The Detroit Newspapers's view

LA JOLLA, Calif. — When a Detroit TV station took a group of consumers nicknamed “Gearheads” through the 2006 North American International Auto Show, they picked the 2007 Mitsubishi Eclipse Spyder as one of their favorite vehicles.

It was clear from the videotape of the Gearheads’ event that Mitsubishi showed to reviewers at the media introduction of the redesigned Eclipse Spyder that those consumers only sat in the convertible.

Perhaps if they had actually driven it, their opinions might have changed.

While the Eclipse Spyder looks intriguing and sounds like a relative bargain with its under-$26,000 base price, a few hours behind the wheel leaves you with the impression that this convertible needs help from diet guru Jenny Craig.

Weight is an issue here. It affects everything from the car’s looks to the type of droptop to its heavy and ponderous driving feel.

And while most of us could stand to lose a few pounds, that flaw seems particularly troublesome in a convertible, especially one that competes, at least price-wise, with some of the more agile drop-tops on the road.

They include the Nissan 350Z, Mazda Miata, Pontiac Solstice and Toyota Solara. Unlike the Z, Miata and Solstice roadsters, which are two-seaters, the 2+2 Eclipse Spyder has a rear seat that can accommodate two additional passengers.

The Eclipse Spyder, which is assembled in Normal, Ill., goes on sale in March.

It will start at $25,984, including a $595 destination charge, for the base GS model. The uplevel GT model will start at $28,864, including destination, the company said.
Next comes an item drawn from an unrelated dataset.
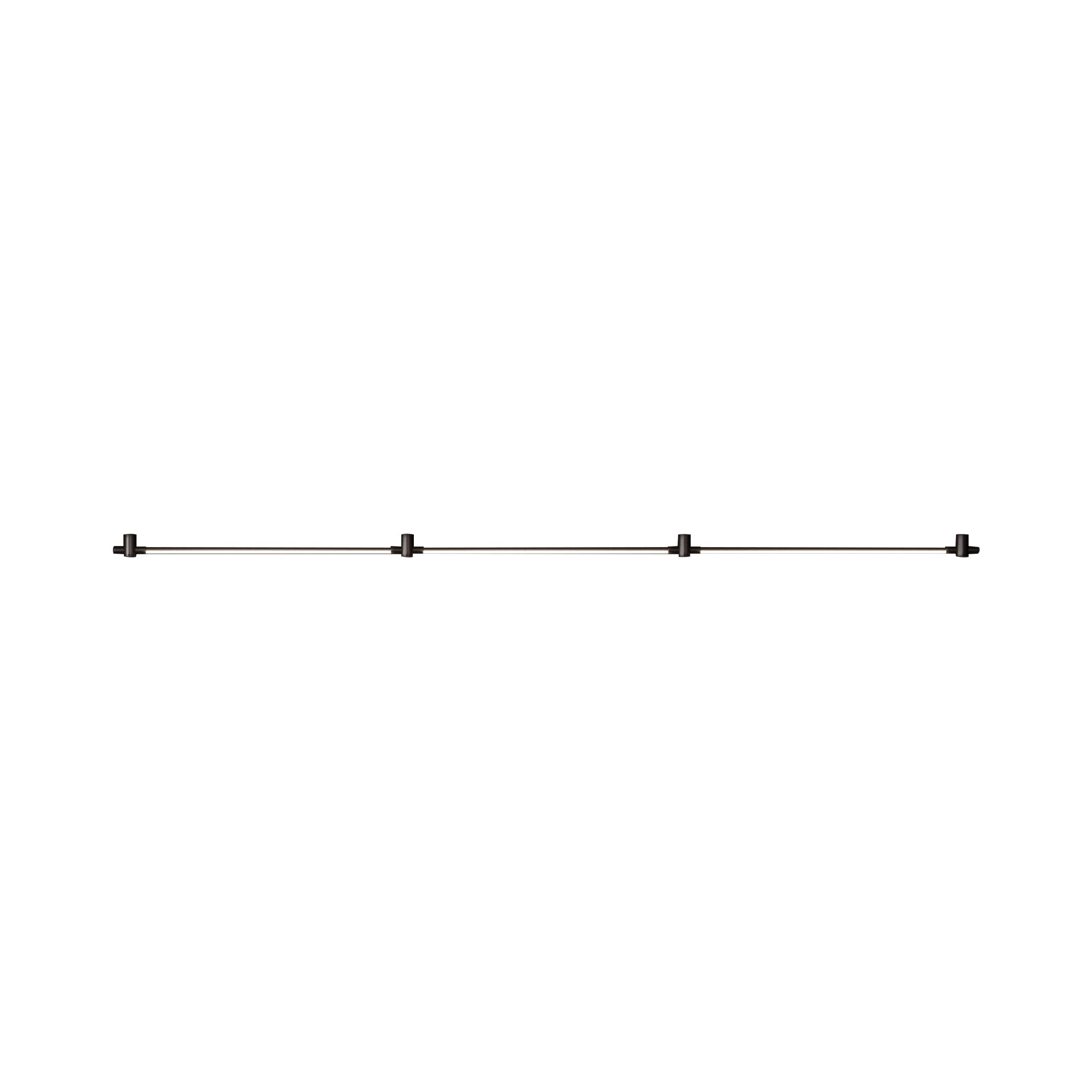 Thin Surface Mount: 3 Segments - 24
The California-designed convertible is eye-catching, especially from the front end and in side profile, with its wedge shape, short hood and unusual “monocle-lens” style headlights. It is longer, wider and taller than the previous version.
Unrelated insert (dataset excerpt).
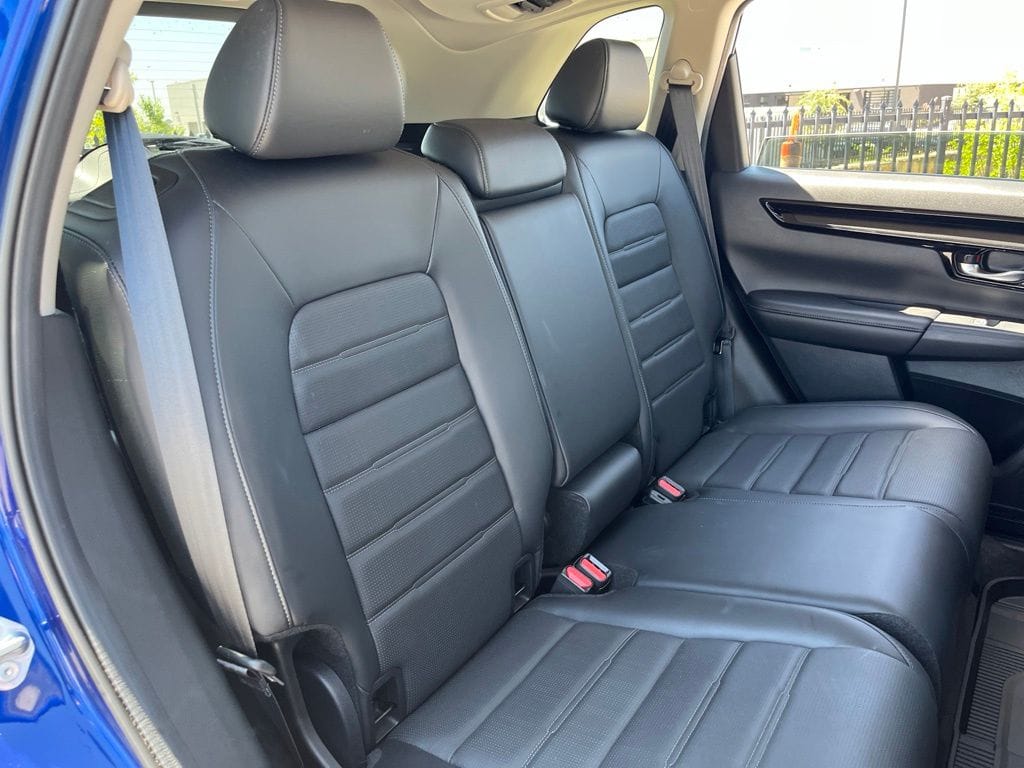 2023 Honda CR-V EX-L - Photo 27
While the Eclipse Spyder does have a “wasp-waist” midsection, the bulky rear end is where the styling fell apart for me. I’m not crazy about driving anything with such a big butt.

The Mitsubishi just looks ungainly, especially next to a shapely competitor such as the Solstice or even the more muscular Ford Mustang convertible.

The Eclipse Spyder is outfitted with a power cloth top similar to the one on the previous model and can be ordered in black or gray.

On the plus side, the Mitsubishi’s convertible top comes with a glass rear window equipped with a defroster. It lowers in less than 20 seconds and can be dropped while the car is rolling at around two miles an hour.

A retractable hardtop would have given the Eclipse Spyder a more upscale look and feel, but Mike Evanoff, the vehicle’s product manager, said that Mitsubishi went with the cloth version to keep the car more affordable and to avoid the additional weight.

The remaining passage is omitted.